Category Archives: Geodemographics

GISRUK 2014 (Part 1)

I was at the Geographic Information Systems Research United Kingdom (GISRUK) 2014 conference last week. GISRUK is the key GIS conference for early-career academic researchers in the UK and Ireland, and is hosted by a different university in the British Isles each year. The audience are mainly UK academics, with young researchers and professors in roughly equal attendance, along with some academics from abroad, including Malaysia, Nigeria and Canada. They are definitely more geo and less tech, the conference being relatively quiet on Twitter, especially compared to conferences such as State of the Map or Wherecamp EU.
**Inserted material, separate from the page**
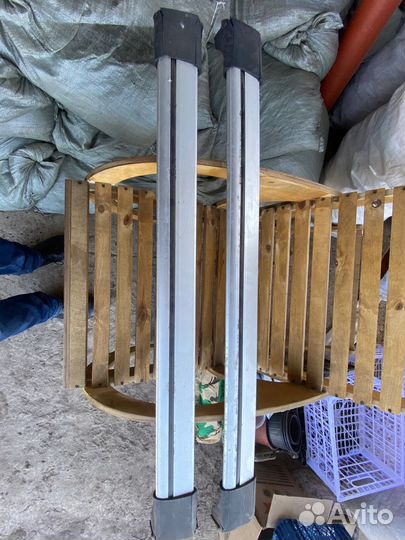 Поперечены на рейлинги ficopro r46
This year the conference was hosted up at Glasgow University. Being tucked into the Easter break might have meant a reduced attendance on previous years. However, there were many good talks in the two parallel streams that ran through the three days of the conference – some 50 talks altogether, plus plenaries – and some talks were very popular, with attendees just about squeezing in to the venue.

In this post (and in the second and third parts, to follow) I’ve highlighted the talks that I found the most interesting. Of course, with two streams, there were inevitably interesting sessions which overlapped, and so I may have missed some of the best of all – in a couple of cases I ended up changing room half-way though a session. I’ve paraphrased the talk titles here.
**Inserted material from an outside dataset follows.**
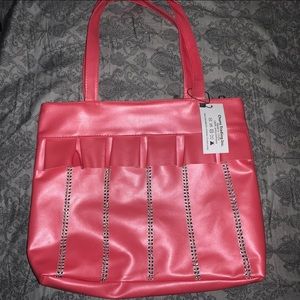 Brand-new pocketbook tags on it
Streets vs landmarks for text-based directions for pedestrians

This talk, given by William Mackaness from Edinburgh, was on an interesting study monitoring how people get from A to B, given one of two kinds of text directions – landmark based “turn left at the Bank of Scotland branch coming up on the left” or street based “continue on George Street, turn left onto Frederick Street in 500m” and monitored, with GPS and movement sensors, how well they moved through the urban realm, with landmark based directions proving better. Of course, these are harder for automated systems as street names a more uniform and consistent storage type than landmarks.
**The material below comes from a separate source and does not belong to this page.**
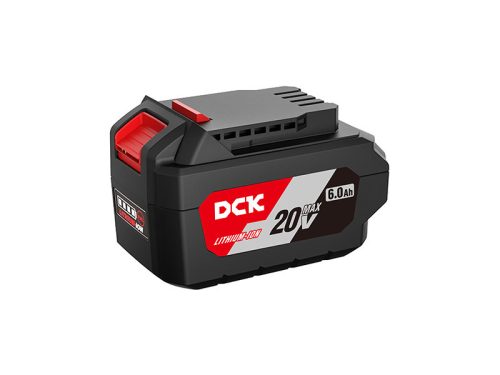 DCK Akkumulátor 6,0 Ah 20 V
Clustering landmark tags in urban images

This was probably my favourite talk of the whole conference. By the same team as the above, it was presented by Phil Bartie (St Andrews) and outlined algorithms used to detect buildings and other landmarks from photos, by looking at where people tag interesting features in set photographs, how they tag them, and then linking the tags and locations together to try and separate visually close (but distinct) features, and combine different elements of the same feature that are spatially far apart. The heatmap examples used in the talk were compelling.

IMG_5764

Using social media data to assess crime hotspots

Nick Malleson’s (Leeds) talk looked at tackling the “daytime population” problem – crime statistics tend to exaggerate city centres, as these have a large daytime population but a low residential (i.e. census/official) population, which areas are typically normalised by to produce a crime rate. By looking at georeferenced social media activity as a proxy for daytime population, the city centre hotspots disappear and move into the most deprived suburbs – although these need to be controlled also by a possible lower-than-average use of social media in such areas.

IMG_5765

Exploring links between coal-mining, deprivation and health

This known link was mapped out well by Paul Norman (Leeds), using some great maps of the relevant census data. The talk included a potted history of coal mines and their phased closures. The study was longitudinal – combining statistics over multiple censuses, with data on opening and closing of mines (mine opening dates often being hard to determine).

IMG_5771

At the end of the first day of the conference, therewas a reception at the opulent City Chambers in the centre of Glasgow, where I had the novelty of being served a glass of Irn Bru (Scotland’s other national drink, and tougher to find in London) by a waiter, in a room surrounded with marble and various paintings of former council leaders!

IMG_5769

Part two to follow tomorrow. Addy Pope at EDINA Go-Geo has also reviewed the conference.

Visit the new oobrien.com Shop
High quality lithographic prints of London data, designed by Oliver O'Brien

Data Windows

datawindows

This is a data visualisation artwork created by Dr Cheshire (@spatialanalysis) and myself. We were invited to submit an entry to 10X10 Drawing the City London, run by the building design charity Article 25. The submissions, including various from “real” artists and architects, will then be auctioned in November to raise funds for the charity’s projects.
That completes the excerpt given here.